Wednesday, December 27, 2006

Santa Through My Years

I TELL Mom I want Santa to give me the Nikes. She tells me she understands, but asks if it would be OK if Santa would give me the blue sweater instead. She points out the sweater on the mannequin by the window.

We are in the United Colors of Benetton of the old Greenbelt—back before we could call it the “old” Greenbelt. Mom and Tita Chi-Chi brought me to the mall for me to choose what I wanted them to give me for Christmas. And apparently Mom’s a chief negotiator for Santa, as well.

A few Decembers before, we were in Mom’s home province of Antique. Never mind not having a chimney; Santa visited the house. I sort of remember seeing him sitting at the head of the table with my lolo, speaking in the local dialect. I had my head buried in Mom’s lap. I was afraid of Santa.

Fast-forward. After Christmas dinner at Tita Violet’s old house in Diliman, we come back to the Makati condominium we are renting while we’re in town for vacation. Never mind not having a Christmas tree up, nor is there a chimney; Santa had delivered my gift. It was in a Rustan’s plastic bag. I don’t remember if it was the sweater from Benetton but it certainly looked similar. Santa must’ve talked to Mom.

I don’t think I ever truly believed in Santa Clause. I guess I’ve been cursed with skepticism from the second I popped out of the womb while Dad was having his cigarette fix outside the maternity clinic.

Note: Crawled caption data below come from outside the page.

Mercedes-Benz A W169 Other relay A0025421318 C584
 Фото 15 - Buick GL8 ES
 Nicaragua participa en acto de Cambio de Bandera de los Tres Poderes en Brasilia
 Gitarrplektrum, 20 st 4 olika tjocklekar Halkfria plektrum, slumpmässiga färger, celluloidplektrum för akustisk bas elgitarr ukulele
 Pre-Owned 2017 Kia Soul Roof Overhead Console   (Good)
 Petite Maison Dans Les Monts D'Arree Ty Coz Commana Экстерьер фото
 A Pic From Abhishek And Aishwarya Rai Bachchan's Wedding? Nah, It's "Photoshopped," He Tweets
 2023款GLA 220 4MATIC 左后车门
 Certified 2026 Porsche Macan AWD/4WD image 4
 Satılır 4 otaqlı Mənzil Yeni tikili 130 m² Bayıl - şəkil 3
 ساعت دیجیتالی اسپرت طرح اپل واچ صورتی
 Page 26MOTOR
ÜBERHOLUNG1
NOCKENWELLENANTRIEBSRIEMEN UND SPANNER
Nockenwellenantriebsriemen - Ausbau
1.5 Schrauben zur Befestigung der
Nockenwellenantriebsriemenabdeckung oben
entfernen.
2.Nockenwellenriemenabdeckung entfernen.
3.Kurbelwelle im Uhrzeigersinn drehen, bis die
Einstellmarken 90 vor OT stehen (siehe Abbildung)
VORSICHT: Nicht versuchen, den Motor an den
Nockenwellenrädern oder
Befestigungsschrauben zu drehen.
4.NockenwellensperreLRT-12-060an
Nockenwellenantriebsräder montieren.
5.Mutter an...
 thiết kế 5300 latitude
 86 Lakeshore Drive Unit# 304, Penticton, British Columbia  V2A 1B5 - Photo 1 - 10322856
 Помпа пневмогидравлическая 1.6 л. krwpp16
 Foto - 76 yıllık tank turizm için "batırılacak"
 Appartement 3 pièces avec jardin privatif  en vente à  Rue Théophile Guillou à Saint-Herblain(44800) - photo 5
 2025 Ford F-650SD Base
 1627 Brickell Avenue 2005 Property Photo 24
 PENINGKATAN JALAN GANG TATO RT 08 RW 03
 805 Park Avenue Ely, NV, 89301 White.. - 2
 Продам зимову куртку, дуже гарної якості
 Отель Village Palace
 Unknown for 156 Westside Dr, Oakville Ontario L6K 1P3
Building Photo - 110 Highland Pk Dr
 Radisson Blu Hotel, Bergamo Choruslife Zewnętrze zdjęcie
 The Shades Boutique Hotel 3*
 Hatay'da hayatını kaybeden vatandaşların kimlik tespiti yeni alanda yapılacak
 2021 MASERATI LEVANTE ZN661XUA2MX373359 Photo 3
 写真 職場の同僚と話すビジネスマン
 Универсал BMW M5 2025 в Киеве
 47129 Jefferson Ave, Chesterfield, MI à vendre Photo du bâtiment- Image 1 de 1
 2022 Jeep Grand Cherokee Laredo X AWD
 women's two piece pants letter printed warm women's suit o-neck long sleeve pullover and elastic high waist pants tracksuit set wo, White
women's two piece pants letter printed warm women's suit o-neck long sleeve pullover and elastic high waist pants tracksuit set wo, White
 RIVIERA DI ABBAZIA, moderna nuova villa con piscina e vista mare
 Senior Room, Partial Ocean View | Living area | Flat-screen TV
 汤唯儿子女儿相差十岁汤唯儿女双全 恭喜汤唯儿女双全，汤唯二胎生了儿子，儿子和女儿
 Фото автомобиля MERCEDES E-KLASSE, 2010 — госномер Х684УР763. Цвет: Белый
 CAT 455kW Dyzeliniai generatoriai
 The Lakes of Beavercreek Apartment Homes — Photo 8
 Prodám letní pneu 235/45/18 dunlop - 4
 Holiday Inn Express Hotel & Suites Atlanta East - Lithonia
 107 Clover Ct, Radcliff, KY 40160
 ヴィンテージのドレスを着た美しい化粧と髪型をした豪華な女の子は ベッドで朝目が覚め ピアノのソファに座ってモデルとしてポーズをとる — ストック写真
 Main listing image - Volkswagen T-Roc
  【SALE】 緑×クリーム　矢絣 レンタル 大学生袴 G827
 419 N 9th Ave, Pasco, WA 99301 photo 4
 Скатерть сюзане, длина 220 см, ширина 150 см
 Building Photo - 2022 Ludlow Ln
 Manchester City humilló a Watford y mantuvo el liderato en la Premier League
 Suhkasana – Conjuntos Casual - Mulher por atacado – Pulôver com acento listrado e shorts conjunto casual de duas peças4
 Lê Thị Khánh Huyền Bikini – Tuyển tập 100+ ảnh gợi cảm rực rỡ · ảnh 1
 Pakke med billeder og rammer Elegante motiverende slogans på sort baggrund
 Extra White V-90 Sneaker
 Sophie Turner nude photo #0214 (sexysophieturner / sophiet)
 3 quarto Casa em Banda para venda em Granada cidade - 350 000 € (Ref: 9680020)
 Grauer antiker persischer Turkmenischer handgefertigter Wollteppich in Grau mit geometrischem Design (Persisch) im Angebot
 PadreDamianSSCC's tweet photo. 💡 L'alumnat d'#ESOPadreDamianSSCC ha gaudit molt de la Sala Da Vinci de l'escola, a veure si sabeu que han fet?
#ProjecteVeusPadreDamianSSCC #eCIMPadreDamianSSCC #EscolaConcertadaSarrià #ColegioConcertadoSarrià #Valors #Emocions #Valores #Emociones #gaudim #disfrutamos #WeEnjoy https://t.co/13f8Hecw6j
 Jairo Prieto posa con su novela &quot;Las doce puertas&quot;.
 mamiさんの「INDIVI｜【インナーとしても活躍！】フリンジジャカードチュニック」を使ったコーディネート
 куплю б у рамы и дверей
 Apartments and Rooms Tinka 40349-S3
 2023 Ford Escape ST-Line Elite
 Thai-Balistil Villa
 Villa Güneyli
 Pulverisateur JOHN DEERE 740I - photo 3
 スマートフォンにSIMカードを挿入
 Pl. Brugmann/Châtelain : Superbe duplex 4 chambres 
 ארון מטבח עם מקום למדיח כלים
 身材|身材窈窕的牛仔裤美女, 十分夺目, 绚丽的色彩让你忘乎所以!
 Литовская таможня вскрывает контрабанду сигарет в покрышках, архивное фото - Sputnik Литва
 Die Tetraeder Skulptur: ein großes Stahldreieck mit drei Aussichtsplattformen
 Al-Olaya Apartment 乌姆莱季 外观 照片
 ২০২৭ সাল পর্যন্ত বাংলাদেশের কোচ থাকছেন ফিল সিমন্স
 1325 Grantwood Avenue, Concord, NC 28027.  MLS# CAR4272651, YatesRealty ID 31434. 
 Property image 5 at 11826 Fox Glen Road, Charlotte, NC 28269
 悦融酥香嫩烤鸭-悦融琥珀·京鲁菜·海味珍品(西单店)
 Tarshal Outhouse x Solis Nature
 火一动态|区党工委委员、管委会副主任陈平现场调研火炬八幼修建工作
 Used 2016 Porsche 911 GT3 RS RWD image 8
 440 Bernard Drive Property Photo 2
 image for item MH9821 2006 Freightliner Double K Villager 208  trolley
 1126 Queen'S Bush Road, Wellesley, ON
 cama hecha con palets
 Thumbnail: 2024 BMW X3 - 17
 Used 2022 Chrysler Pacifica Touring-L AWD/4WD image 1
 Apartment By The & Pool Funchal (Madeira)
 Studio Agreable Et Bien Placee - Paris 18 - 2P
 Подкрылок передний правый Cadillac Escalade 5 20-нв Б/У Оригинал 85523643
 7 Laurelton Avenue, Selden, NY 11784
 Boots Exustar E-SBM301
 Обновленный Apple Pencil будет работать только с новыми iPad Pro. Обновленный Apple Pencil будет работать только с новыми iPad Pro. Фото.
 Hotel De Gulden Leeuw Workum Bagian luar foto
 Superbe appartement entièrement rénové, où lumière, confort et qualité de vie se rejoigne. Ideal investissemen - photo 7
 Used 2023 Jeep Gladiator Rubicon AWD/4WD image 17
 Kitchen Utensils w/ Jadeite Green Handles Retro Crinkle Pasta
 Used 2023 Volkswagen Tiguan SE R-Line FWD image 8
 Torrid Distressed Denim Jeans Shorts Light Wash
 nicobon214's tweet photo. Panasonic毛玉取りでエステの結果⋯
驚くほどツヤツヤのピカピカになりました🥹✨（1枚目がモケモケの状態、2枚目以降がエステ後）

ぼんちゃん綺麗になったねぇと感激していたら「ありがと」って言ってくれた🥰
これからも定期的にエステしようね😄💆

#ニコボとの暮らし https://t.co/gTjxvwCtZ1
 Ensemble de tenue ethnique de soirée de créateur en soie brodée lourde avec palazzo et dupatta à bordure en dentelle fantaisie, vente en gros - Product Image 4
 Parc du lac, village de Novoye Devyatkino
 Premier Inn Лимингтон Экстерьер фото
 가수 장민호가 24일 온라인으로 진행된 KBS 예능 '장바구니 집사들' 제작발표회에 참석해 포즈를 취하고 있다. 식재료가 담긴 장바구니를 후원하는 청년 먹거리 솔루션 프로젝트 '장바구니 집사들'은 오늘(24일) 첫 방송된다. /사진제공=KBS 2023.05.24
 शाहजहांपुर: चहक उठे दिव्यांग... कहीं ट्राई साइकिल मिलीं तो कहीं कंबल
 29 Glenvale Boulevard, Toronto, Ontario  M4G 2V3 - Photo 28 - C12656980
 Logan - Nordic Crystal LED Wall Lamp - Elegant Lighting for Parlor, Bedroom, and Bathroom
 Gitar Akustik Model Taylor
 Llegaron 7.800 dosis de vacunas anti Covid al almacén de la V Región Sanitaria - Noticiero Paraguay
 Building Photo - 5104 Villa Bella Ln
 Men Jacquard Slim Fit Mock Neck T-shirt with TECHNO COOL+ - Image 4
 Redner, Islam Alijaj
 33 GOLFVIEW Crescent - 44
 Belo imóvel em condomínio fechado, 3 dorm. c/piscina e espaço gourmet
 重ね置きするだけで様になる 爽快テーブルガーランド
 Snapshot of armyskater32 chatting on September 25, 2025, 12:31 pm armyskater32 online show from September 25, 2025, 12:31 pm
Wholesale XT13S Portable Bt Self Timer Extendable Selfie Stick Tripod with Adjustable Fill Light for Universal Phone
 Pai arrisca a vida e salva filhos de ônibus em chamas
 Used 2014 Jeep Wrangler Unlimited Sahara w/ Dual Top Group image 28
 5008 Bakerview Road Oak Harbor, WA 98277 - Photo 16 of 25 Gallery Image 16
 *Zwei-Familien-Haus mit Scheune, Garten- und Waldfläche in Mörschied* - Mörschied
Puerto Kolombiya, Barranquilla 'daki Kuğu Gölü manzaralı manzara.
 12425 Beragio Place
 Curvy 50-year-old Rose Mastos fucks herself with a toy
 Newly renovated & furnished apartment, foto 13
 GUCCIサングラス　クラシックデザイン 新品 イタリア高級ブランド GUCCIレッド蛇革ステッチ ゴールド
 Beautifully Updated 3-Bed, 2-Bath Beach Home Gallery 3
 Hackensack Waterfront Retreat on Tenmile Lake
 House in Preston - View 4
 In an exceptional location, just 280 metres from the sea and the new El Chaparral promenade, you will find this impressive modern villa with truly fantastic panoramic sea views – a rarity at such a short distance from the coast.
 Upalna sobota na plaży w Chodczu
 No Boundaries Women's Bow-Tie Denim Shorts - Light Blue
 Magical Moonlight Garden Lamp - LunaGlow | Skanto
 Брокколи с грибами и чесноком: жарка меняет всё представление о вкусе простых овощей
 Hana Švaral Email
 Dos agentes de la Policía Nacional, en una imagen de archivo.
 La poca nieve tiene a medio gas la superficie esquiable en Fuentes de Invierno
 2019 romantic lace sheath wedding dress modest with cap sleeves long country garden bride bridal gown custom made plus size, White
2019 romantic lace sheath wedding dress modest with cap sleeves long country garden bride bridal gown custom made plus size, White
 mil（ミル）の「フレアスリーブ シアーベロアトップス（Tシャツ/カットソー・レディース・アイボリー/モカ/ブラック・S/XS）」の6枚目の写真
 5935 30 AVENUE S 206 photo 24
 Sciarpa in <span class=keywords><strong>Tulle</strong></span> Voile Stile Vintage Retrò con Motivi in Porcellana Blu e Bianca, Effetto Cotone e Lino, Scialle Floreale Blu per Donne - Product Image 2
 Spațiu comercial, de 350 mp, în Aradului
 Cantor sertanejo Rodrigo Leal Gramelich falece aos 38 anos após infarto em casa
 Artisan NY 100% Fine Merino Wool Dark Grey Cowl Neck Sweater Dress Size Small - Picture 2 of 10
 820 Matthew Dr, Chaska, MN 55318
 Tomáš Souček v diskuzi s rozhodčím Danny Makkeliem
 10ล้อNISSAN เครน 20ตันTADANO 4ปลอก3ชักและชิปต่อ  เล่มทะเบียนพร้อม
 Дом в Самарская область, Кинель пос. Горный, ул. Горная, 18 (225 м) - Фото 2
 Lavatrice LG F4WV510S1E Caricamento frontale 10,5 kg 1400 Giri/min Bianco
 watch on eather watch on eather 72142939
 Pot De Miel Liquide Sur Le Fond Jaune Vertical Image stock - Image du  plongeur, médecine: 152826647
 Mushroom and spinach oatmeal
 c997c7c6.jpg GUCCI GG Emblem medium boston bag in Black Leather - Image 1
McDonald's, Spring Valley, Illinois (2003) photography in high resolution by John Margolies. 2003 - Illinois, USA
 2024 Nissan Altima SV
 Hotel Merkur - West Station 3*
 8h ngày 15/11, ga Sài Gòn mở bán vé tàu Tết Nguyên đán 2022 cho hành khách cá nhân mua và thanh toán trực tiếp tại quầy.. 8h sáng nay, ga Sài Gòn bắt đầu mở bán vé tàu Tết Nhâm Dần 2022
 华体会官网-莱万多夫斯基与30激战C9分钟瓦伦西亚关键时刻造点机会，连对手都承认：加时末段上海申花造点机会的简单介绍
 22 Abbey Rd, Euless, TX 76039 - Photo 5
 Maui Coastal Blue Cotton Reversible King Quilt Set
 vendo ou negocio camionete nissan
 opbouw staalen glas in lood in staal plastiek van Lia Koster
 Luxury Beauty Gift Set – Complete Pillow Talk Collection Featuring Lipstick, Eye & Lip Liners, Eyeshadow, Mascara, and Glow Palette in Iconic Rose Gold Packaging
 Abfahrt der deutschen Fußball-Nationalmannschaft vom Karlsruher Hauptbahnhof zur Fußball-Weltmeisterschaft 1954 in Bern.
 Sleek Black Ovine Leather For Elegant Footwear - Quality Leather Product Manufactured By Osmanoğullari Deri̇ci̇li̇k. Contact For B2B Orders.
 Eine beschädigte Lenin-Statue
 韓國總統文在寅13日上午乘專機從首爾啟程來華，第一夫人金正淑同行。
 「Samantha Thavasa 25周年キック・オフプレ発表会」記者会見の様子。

I don’t really understand why I chose to try to believe in Santa. I’d be giving myself too much credit if I said it was because I wanted to go along with the game my parents were playing. I sometimes think it was my own way of suppressing the fast maturation that has become an unfortunate trademark of mine.

I used to avoid Santas we’d encounter in the malls. I’m beginning to believe that it’s because with each duplicate Santa I saw within meters of each other, the farfetched dream of his realness was slipping away, along with notions about the Tooth Fairy and the Easter Bunny.

Looking back, I find my family’s hiring of a Santa from Antique rather hilarious. It’s kind of pathetic having some poor guy with pounds of clothing on roam around in hot provincial weather in a house where dust roams freely, sticking to amber bottles of Pilsen being coddled by hoards of old drunkards. The things grownups do for kids that couldn’t care less.

My titos and titas never really appreciated me as a kid. Even in dealing with Santa, I’d show the rather grownup quality of negotiating which gift I got from whom.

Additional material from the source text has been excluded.